Friday, May 8, 2009

Closed Mouths Don't Get Fed


In keeping w/ my "back in love" theme, I pose the question of what is the appropriate way to let someone know that you want a future w/ them, i.e. marriage, children, the white picket fence... ya know. Historically, I've prided myself on being the "anti-woman." I don't like engaging in the emotional & self-righteous acts that most women do. To make it simple, here is a list of the things that I refuse to do:


1. search through phones, pockets, wallets, drawers, etc.

2. ask too many questions

3. ridicule "the other woman"

4. argue

5. ask "where is this going?"

6. demand marriage


Very short list, but they're some of the most common. Granted, I'm extremely emotional, as I've learned over the past couple years, but, some things seem so unnecessary to me. But, the point of this here post is that I had a conversation w/ my love last night in which we somewhat discussed our future & what we want. B/c so much has happened between he & I, we'd grown comfortable w/ not speaking too much into our future together; sort of a "take things as they come" or "one day @ a time" type situation. So, we started talking about marriage & kids, & I stated that I really want those things. He in turn said that he didn't think that they were something that I really wanted, & that most women who really want them, say so... repeatedly.

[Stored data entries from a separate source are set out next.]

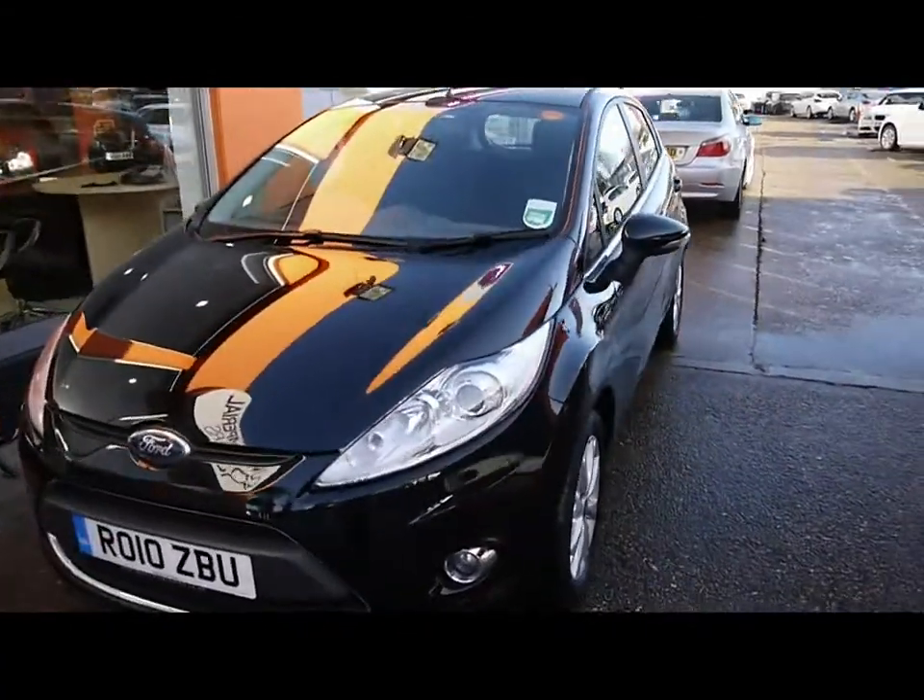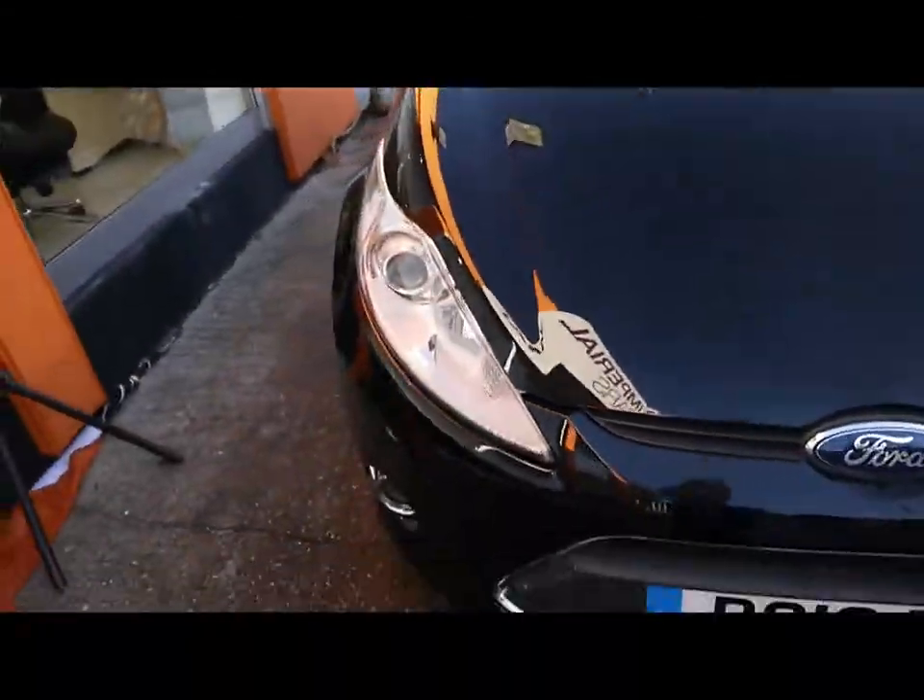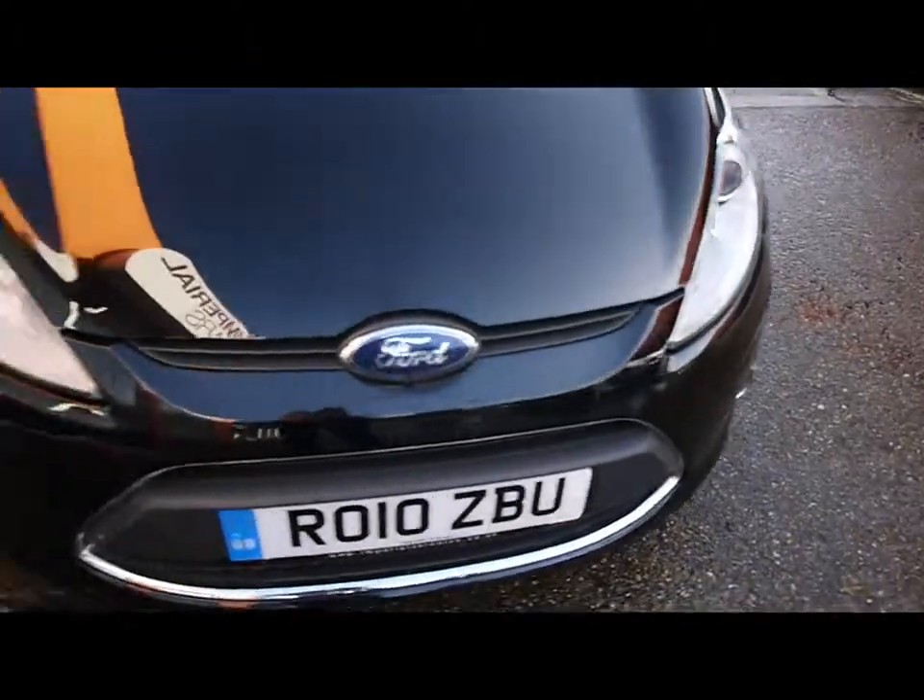Welcome to Imperial Cars. Today we have a Ford Fiesta to show you — a five door hatch finished in black. We're going to take you around the car so you can get a better idea of condition and the certain features of the vehicle, things like the 16 inch alloy wheels and the great condition bodywork.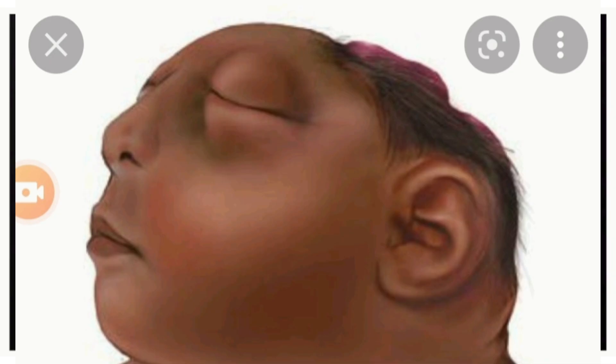Hey guys, good day to everyone and welcome back to my channel. My name is Hilda L. Brown. Last time I posted a video of an alien-looking baby — forgive me for using that term — because in my community, millions of people have never seen a baby like that. The baby had features of what we usually see as aliens on TV, so people were shocked and thought it was extraterrestrial.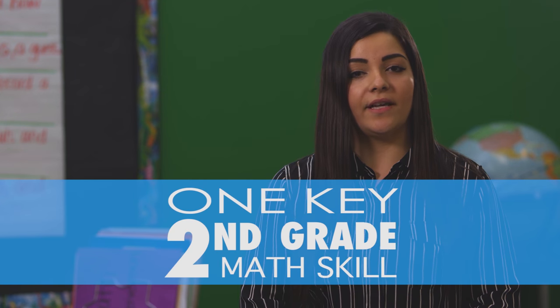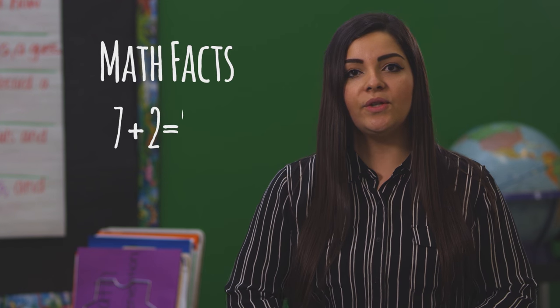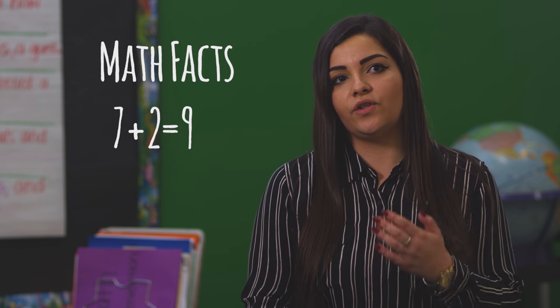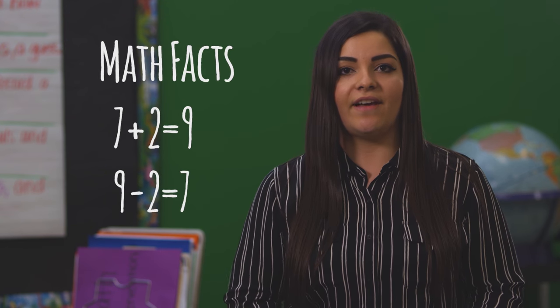Something that I hope my second graders would master before they go to third grade is math facts. They should be able to master something along the lines of 7 plus 2 is 9, and they should also know the reverse — 9 take away 2 is 7.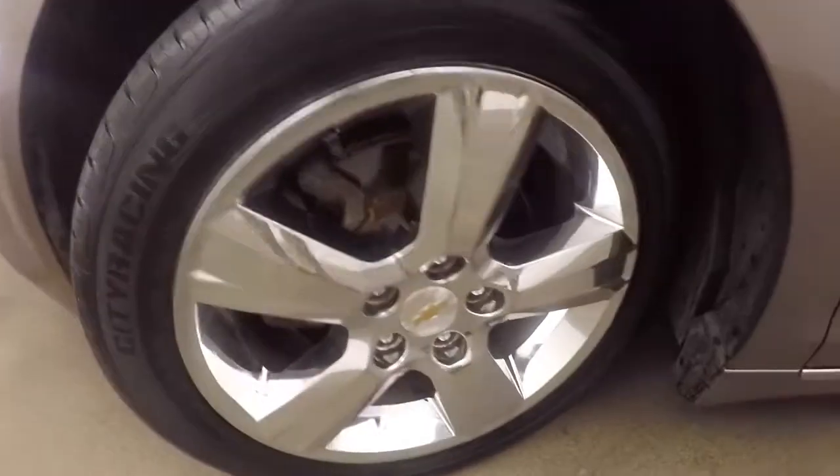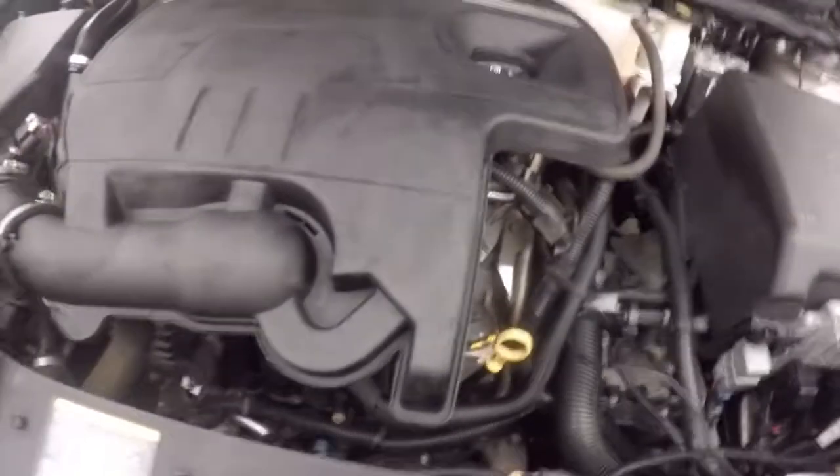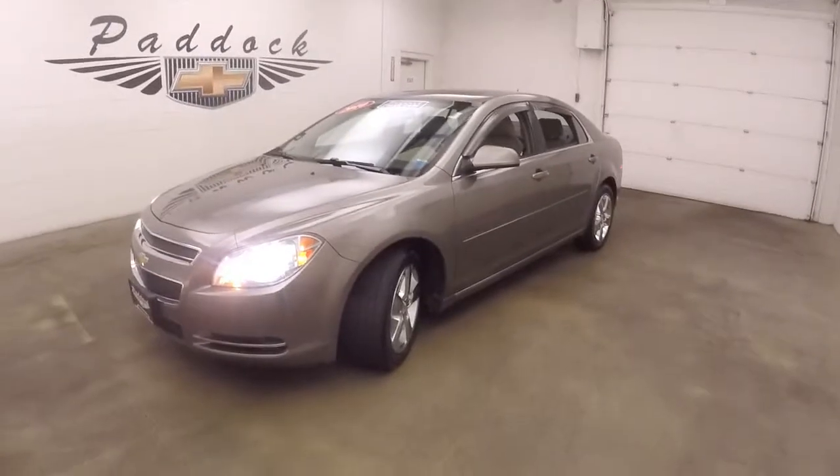Let's go look underneath the hood. The engine is 2.4 liters. There's plenty of power, great on gas. 2010 Chevy Malibu.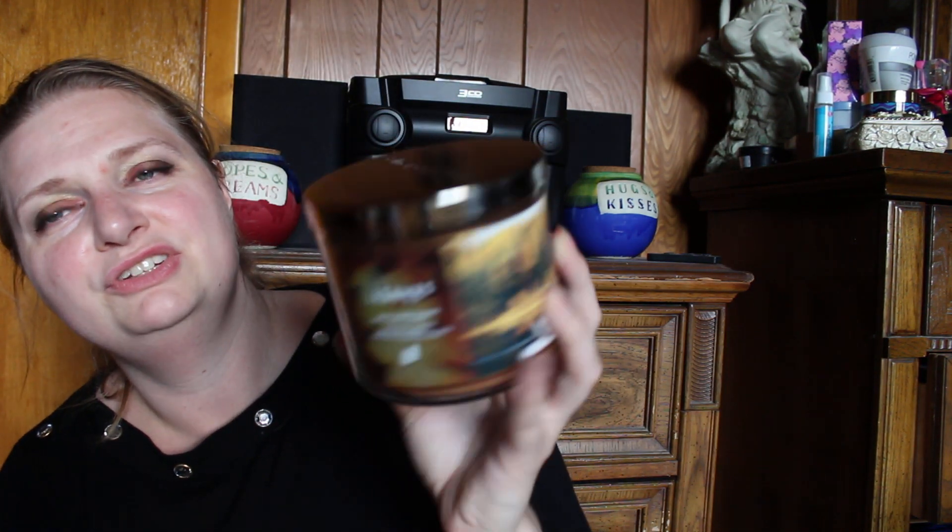The next candle is Leaves, which is more of a fall scent — I've had it before and it smells wonderful. The Chocolate Lava Cake is described as scrumptious chocolate cake, gooey cocoa center, and powdered sugar dusting with essential oils. We're at the 10-minute mark so we'll talk about the rest of the candles in part two!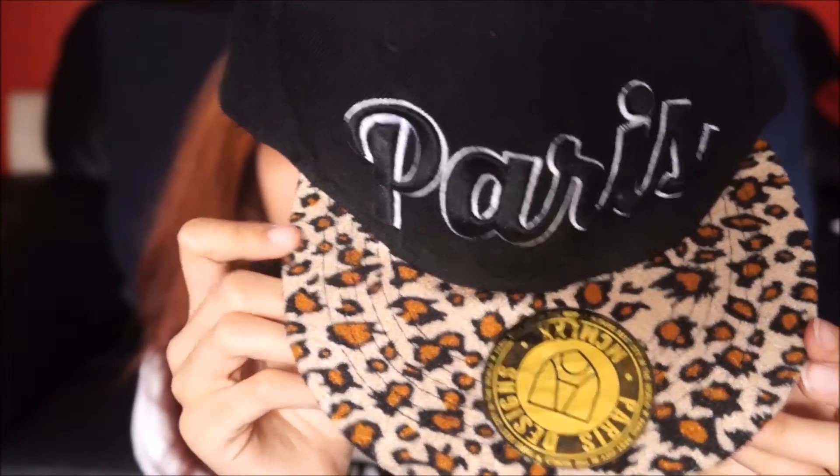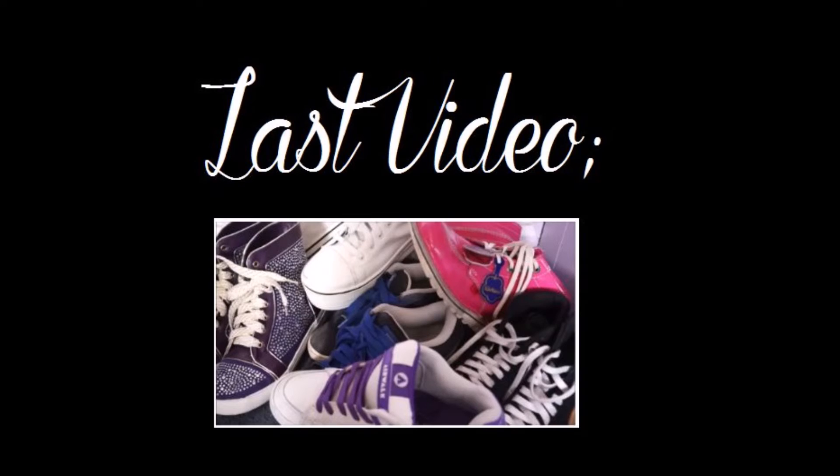And that is all I think for my Paris haul. Actually I turned the video off, went upstairs to put everything away and realised I forgot this. Most people would probably just leave it but I want to show you — it is a snapback. It says Paris on it. Most of them weren't all that good looking but this one has a cheetah print and I've actually worn it a couple of times. This is going to be the last item. I'll see you guys later. I hope you enjoy the video.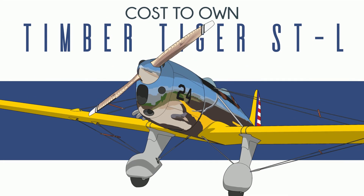So you want to buy a Ryan ST — you may be out of luck. There's only a handful left in the world and they don't go for sale very often. But that's okay because this isn't a Ryan ST. It's a Timber Tiger STL, which is a Ryan ST replica kit plane that you can buy today.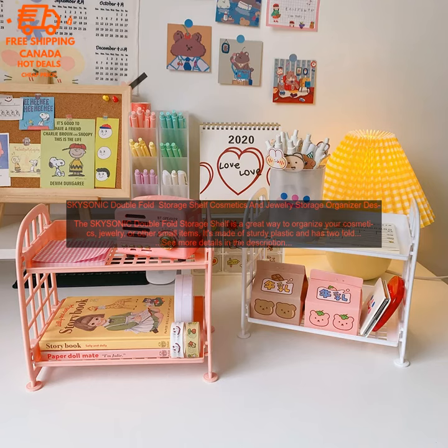Here are some of the pros of the SKYSONIC Double Fold Storage Shelf: sturdy construction, two foldable shelves, removable shelves, perfect for use on your desk, in your bathroom, or in any other space, and a great way to show off your favorite jewelry or cosmetics.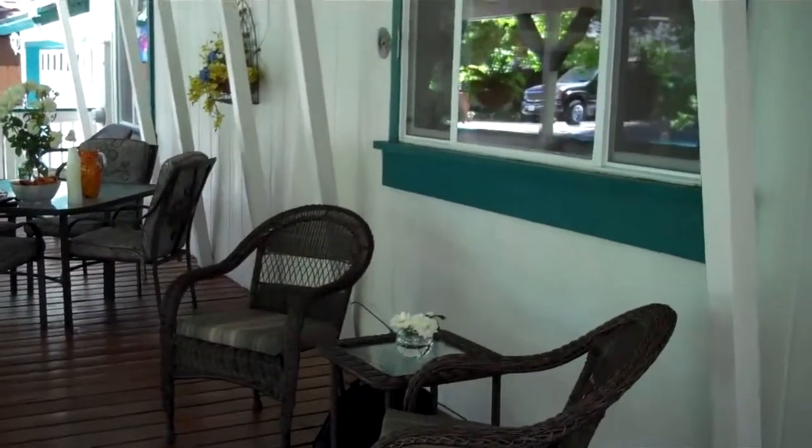If you're looking for all one level living, this is the home. A nice covered porch.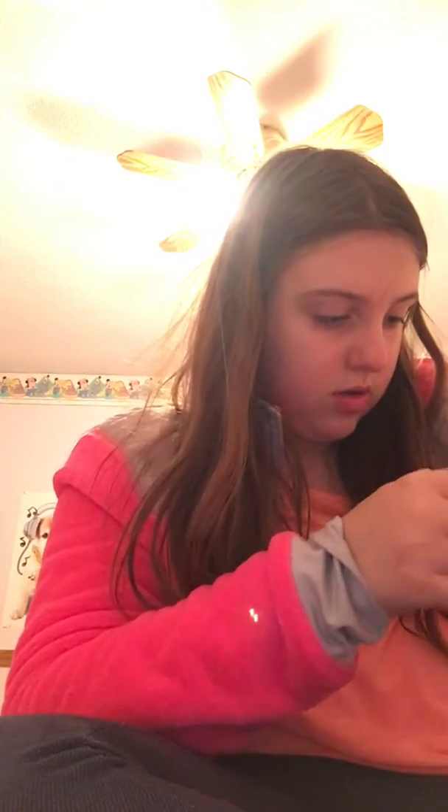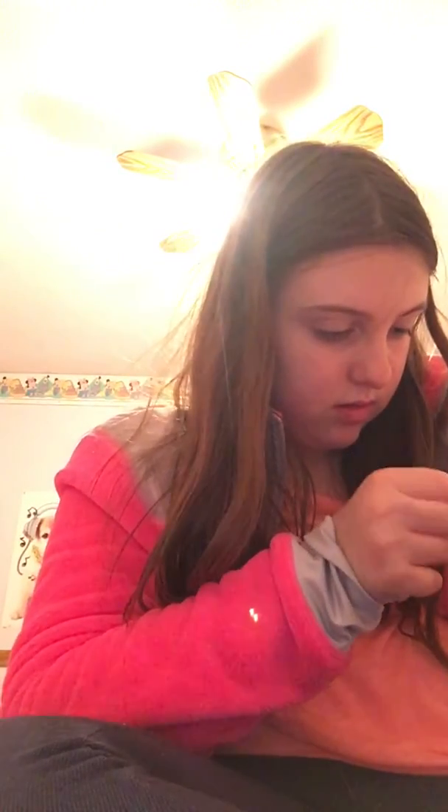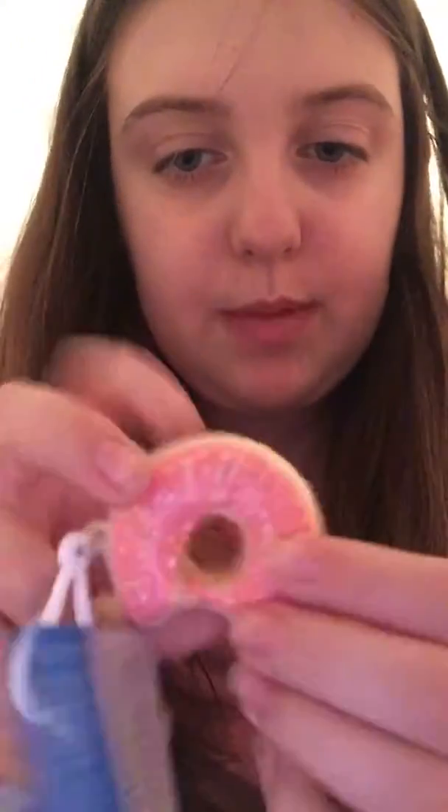And I have — oh, stuck. I'll get it off after. So we have this pink donut.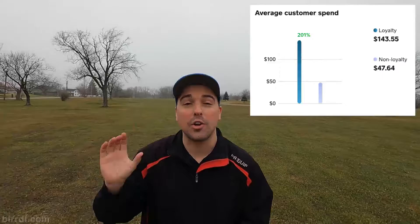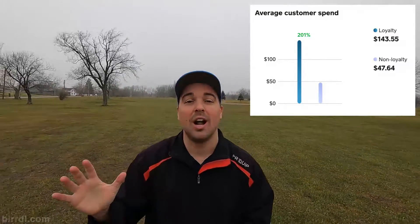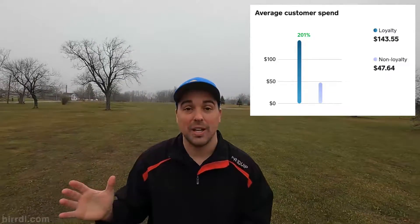I'm glad you asked, because we had a nice small nine-hole course use Birdie this past season, and they were 100% on board for everything we had done. They implemented the loyalty program through our guidance and saw incredible results. They had over 1,750 signups, and their loyalty golfers spent 201% more than non-loyalty golfers.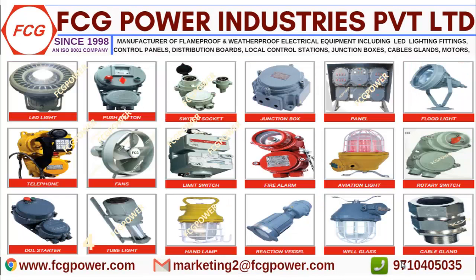Before starting, if you are in need of any flame proof products used in Zone 1 and 2 with group classification 2A, 2B, 2C — like junction boxes, local control station, cable glands, screen room fixtures, distribution ports, fire alarm station, exhaust fan, telephones, emergency light fixtures, bed light fixtures — anything related to flame proof and also weather proof products used in safe area.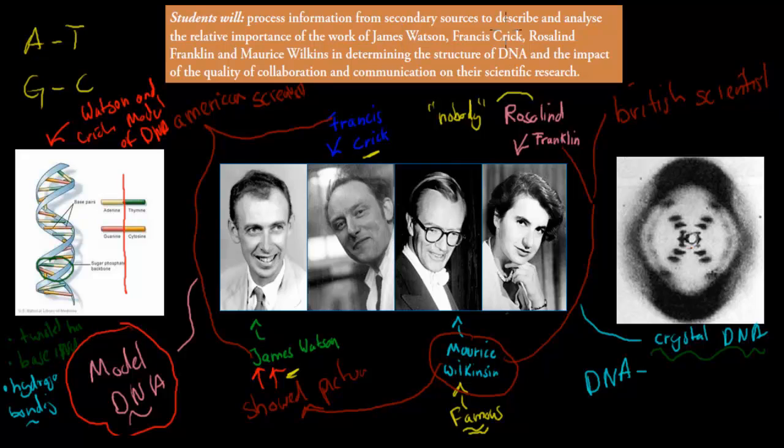To describe and analyze the relative importance of each scientist: Rosalind Franklin and Maurice Wilkins came up with the crystallized DNA picture, and then James Watson and Francis Crick used that picture to actually make the model itself. Those two came up with the model, and those two came up with the picture.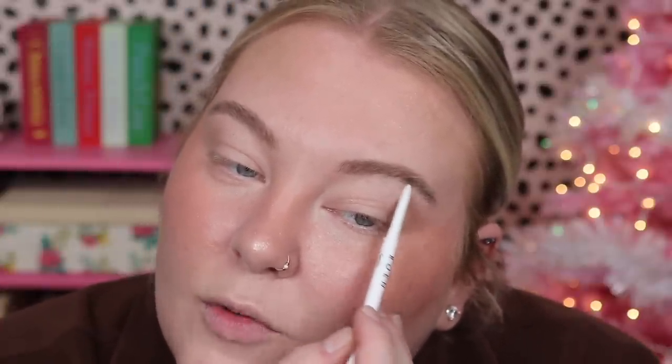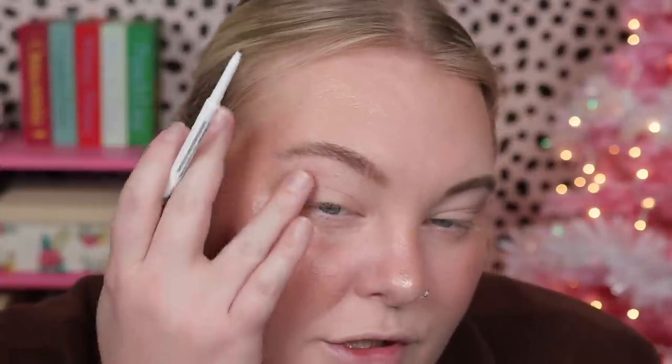That looks pretty good. Sometimes I'll leave it there, but other times when I want a cleaner look I'll take my brow pencil and fill in for more of a straight line on the bottom — it makes the shape more uniform. I don't pluck my eyebrows so this step helps them look more groomed. Super fast — I go from no brows to wow, I can show emotion. This brow gel gives a good amount of hold without ever feeling stiff.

So, there's my dilemma... that the man that I love, & knows me better than anyone else (except my parents, of course... then again!), didn't think that I was a woman that really wanted the "American dream." But, maybe the fact that he knows me so well is the problem. So, must I become one of those nagging, pleading, demanding women, all for the sake of love & to get what I really want?? Is there a balance, or am I forever type casted as the woman that doesn't need a man; an independent woman? & must I make him "unknow" (I know that's not a word) me to believe that I'm just like any other woman vying for a chance @ love & to build a family? I suppose that I assumed that his knowledge of who I was, & the relationship that we've built, would be enough. But, I suppose it does make it difficult to plan a future w/ someone that's extremely lackadaisical! (I hate that word btw, no idea why I decided to use it!)

Thursday, May 7, 2009

Back in Love... Again


Makes me think of Maze's song...

So, I was pretty bitter my last time here, & I'm not even sure why, but I'm sure I know who's to blame! Yea, I'm in love... have been for a while. & the sailing has been pretty smooth lately. O, but don't I know that when it's bad, it's really bad. So, I'm fully enjoying it while it lasts. I wish I had more of these times when I could sit back & feel & enjoy the beauty of love. It's good to feel loved, & to have that feeling for someone. But, those are the exact things that make the bad times so wretched.

I wish I had more to say, but my inner writer has been blocked for a while now. But, o well... today, I love love.